Remdesivir demonstrated potent antiviral activity against SARS-CoV-2 in vitro in primary human airway epithelial cultures and human lung cells. Remdesivir also had a dose-dependent inhibitory effect on SARS-CoV-2 replication with a half-maximal effective concentration (EC50).[16][17] 

Data regarding the pharmacokinetics of remdesivir is limited. A randomized, blinded, placebo-controlled, phase I study evaluating the pharmacokinetics of single-dose and multiple-dose remdesivir compared to placebo in healthy subjects reported that, following single-dose IV administration of remdesivir over 2 hours, remdesivir and its metabolites exhibited a linear profile across the study doses that ranged from 3 to 225 mg with both solution and lyophilized formulations also exhibiting similar pharmacokinetic parameters.[18] 

Remdesivir is a substrate of organic anion transporting polypeptide OATP1B1, OATP1B3, and P-glycoprotein (P-gp) transporters and many cytochrome P450 (CYP450) that include CYP2C8, CYP2D6, and CYP3A4 and is considered to be an inhibitor of  CYP enzymes in vitro; however, there has been no evidence of CYP induction by remdesivir and its metabolites in vivo. However, based on its route of administration, and rapid elimination, its potential to cause clinically significant drug-drug interactions (DDIs) may be limited.[19][20] Nevertheless, further clinical studies are required to evaluate its interaction with the cytochrome P450 system, which would determine the potential drug-drug interactions with remdesivir.

Administration

Based on the review of the summary describing the compassionate use of remdesivir published by the European Medicines Agency (EMA,2020), researchers noted that the bioavailability of remdesivir in animal models was poor when administered via the oral route due to almost complete first-pass clearance attributed to poor hepatic stability. Also, the pharmacologic active analog adenosine triphosphate was delayed when administered via the intramuscular (IM) route. However, radiolabeled remdesivir administered intravenously in rats and monkeys demonstrated the widespread distribution of radioactivity in most tissues with the circulation of the predominant metabolite GS-441524. Hence, the conclusion was that the intravenous (IV) administration of remdesivir delivered the active metabolite rapidly compared to the IM or oral route. When administered IV, the absolute bioavailability of remdesivir formulations is 100%, with readily detectable levels of remdesivir in blood and plasma following a single remdesivir infusion in healthy male participants reaching peak concentrations at the end of infusion.[19]

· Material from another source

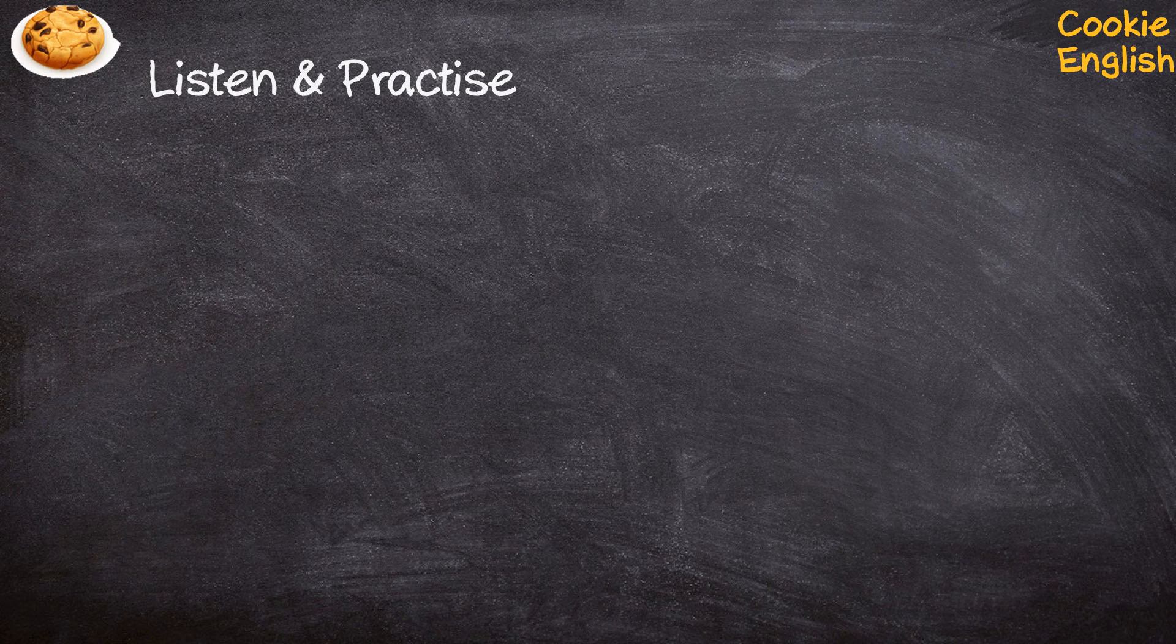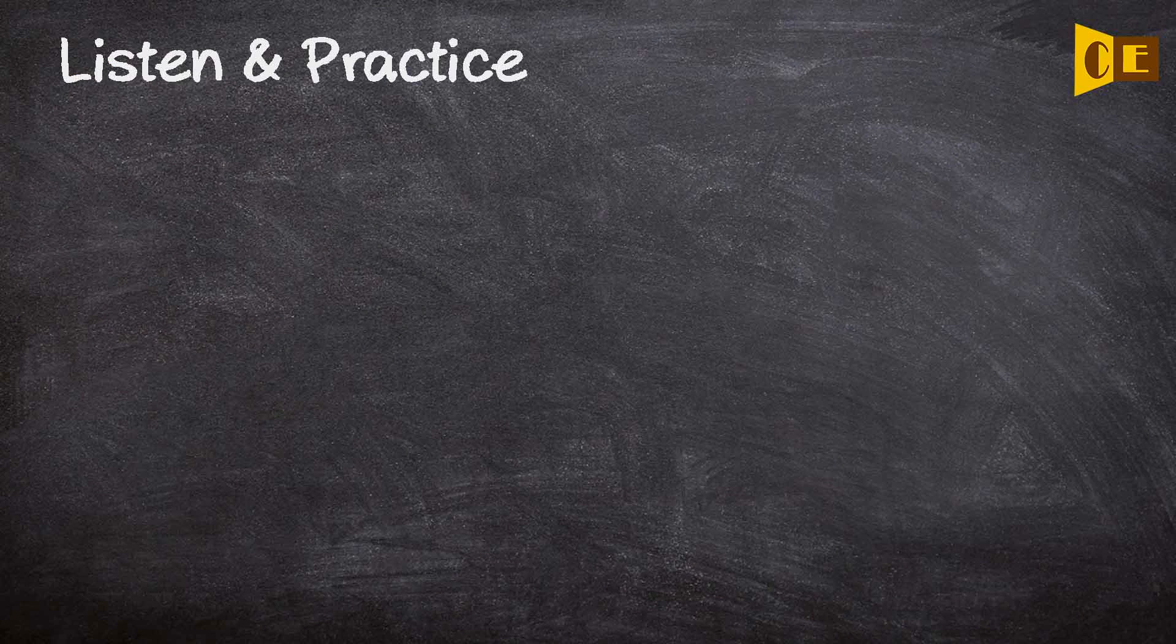Listen and practice. He serves at the pleasure of the president.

The current recommended dose of remdesivir for adults and pediatric patients hospitalized with suspected or laboratory-confirmed COVID-19 infection is weight-based, and administration is via the IV route. Before initiating f remdesivir, a baseline renal function panel, hepatic function panel, and PT/INR must be performed. If the patient's eGFR is <30mL/min, clinicians should avoid using remdesivir; eGFR >30mL/min requires no dosing adjustments. Hepatic dosing is undefined at present.

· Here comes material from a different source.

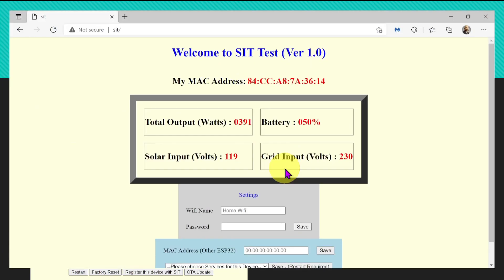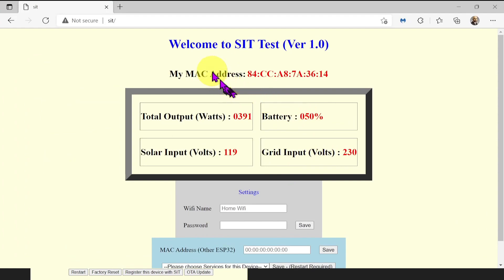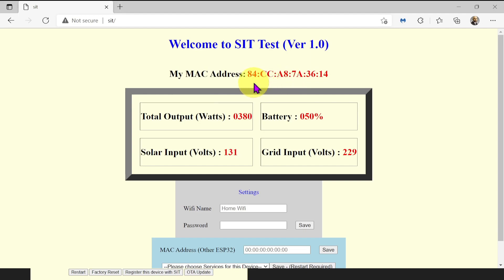Let's try to understand this page. This is displaying device MAC address. This is the same as we saw on the serial monitor.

Adults and Pediatric Patients Weighing ≥ 40 kg

  • 200 mg IV as a loading dose on day 1, followed by a maintenance dose of 100 mg IV every 24 hours for two additional days - the drug should be started ASAP within seven days of symptomatic onset.

Pediatric Patients ≥ 28 days and Weighing  ≥ 3 kgs to <40 kg

  • 5 mg/kg/dose IV for a single dose, then 2.5 mg/kg/dose IV every 24 hours for two days - the drug should be started ASAP within seven days of symptomatic onset.

Remdesivir has also received authorization for use in a non-hospital setting with mild-to-moderate COVID-19 who are non-hospitalized but are at high risk for progression to severe COVID-19, including hospitalization or death, and the optimal treatment duration for COVID-19 is three days.

However, for patients requiring invasive mechanical ventilation and/or ECMO support, treatment may be extended an additional five days. However, for patients not requiring invasive mechanical ventilation and/or ECMO support, remdesivir can be administered for five days with a recommendation to extend treatment duration for five additional days if no clinical response is seen in the first five days, for a total treatment duration of 10 days.

Adverse Effects

Since remdesivir is currently under emergency use authorization, its safety profile has not yet been fully characterized. A randomized, blinded, placebo-controlled, phase I study evaluating the tolerability and safety profile of single-dose and multiple-dose remdesivir compared to placebo in healthy subjects reported that remdesivir was well tolerated in both subjects study groups with no serious adverse effects or associated mortality.[18] Based on a review of available literature from randomized clinical trials, the following are the potential organ-based adverse effects reported with the use of remdesivir:

  • Cardiovascular: Hypotension, arrhythmias, and cardiac arrest[7]
  • Pulmonary: Dyspnea, Acute respiratory failure, acute respiratory distress, pneumothorax, pulmonary embolism
  • Hematological: Anemia, lymphopenia[21]
  • Endocrine: Hyperglycemia
  • Infectious: Pneumonia, septic shock
  • Gastrointestinal: elevated lipase, nausea, vomiting, diarrhea, constipation, poor appetite, gastroparesis, and lower GI bleeding[22]
  • Hepatic: Hepatic manifestation characterized by Grade 1-4 increase in serum transaminases (ALT and/or AST) are the most common adverse effects in patients treated with remdesivir. Other abnormalities include hyperbilirubinemia[23]
  • Renal and Metabolic: Acute kidney injury or worsening of underlying chronic kidney disease, hypernatremia, hypokalemia[24]
  • Neurological: Headache, lightheadedness
  • Skin: Rash, contact dermatitis, pruritus[25]
  • Psychiatric: Delirium[6]
  • Other adverse effects: Pyrexia, insomnia,multi-organ dysfunction, DVT, and hypersensitivity/anaphylactic reactions related to the infusion[26]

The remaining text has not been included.